Perşembe günü İran Dışişleri Bakanı Abbas Arakçi mektubun “daha çok bir tehdit” olduğunu ancak aynı zamanda fırsatlar da sunduğunu söyledi.
Arakçi Tahran'ın önümüzdeki günlerde vereceği yanıtı değerlendirdiğini de sözlerine ekledi.
Trump'ın diplomasisi şu ana kadar İran'a görüşmelere başlamanın yararları konusunda pek güven vermedi.
Beyaz Saray Hamas'la doğrudan görüşmeler başlatarak İsrail'i ve Washington'daki müesses nizamı kızdırmış, ancak gelen tepkiler üzerine Trump yönetimi hızla çark ederek İsrail'in Gazze'ye saldırısını desteklemişti.
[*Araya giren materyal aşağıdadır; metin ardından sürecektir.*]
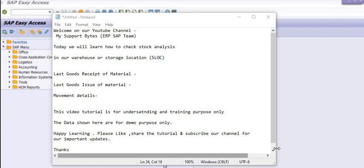For in SAP there is a very standard transaction code MC.9 through which you can generally check these details in one go.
Trump kendisini bir “barış yapıcı” olarak konumlandırdığı Ukrayna'da bile, Kiev'in ateşkesi kabul etmesine rağmen Ukrayna ile Rusya arasında bir ateşkes sağlayabilmiş değil.
ABD ile İsrail arasında önümüzdeki hafta Washington'da yapılacak toplantıya Netanyahu'nun üst düzey danışmanları Stratejik İşler Bakanı Ron Dermer ve Ulusal Güvenlik Danışmanı Tzachi Hanegbi de katılacak.
Eski bir ABD'li yetkili Middle East Eye'a yaptığı açıklamada Dermer'in İran konusunda aşırı sert bir tutum sergilediğini ve bir noktada Obama yönetimi tarafından Beyaz Saray'a girişinin yasaklandığını söyledi.
Trump'ın Ulusal Güvenlik Danışmanı Mike Waltz, Dışişleri Bakanlığı, Pentagon ve ABD istihbarat topluluğundan yetkililerle birlikte ABD tarafını temsil edecek.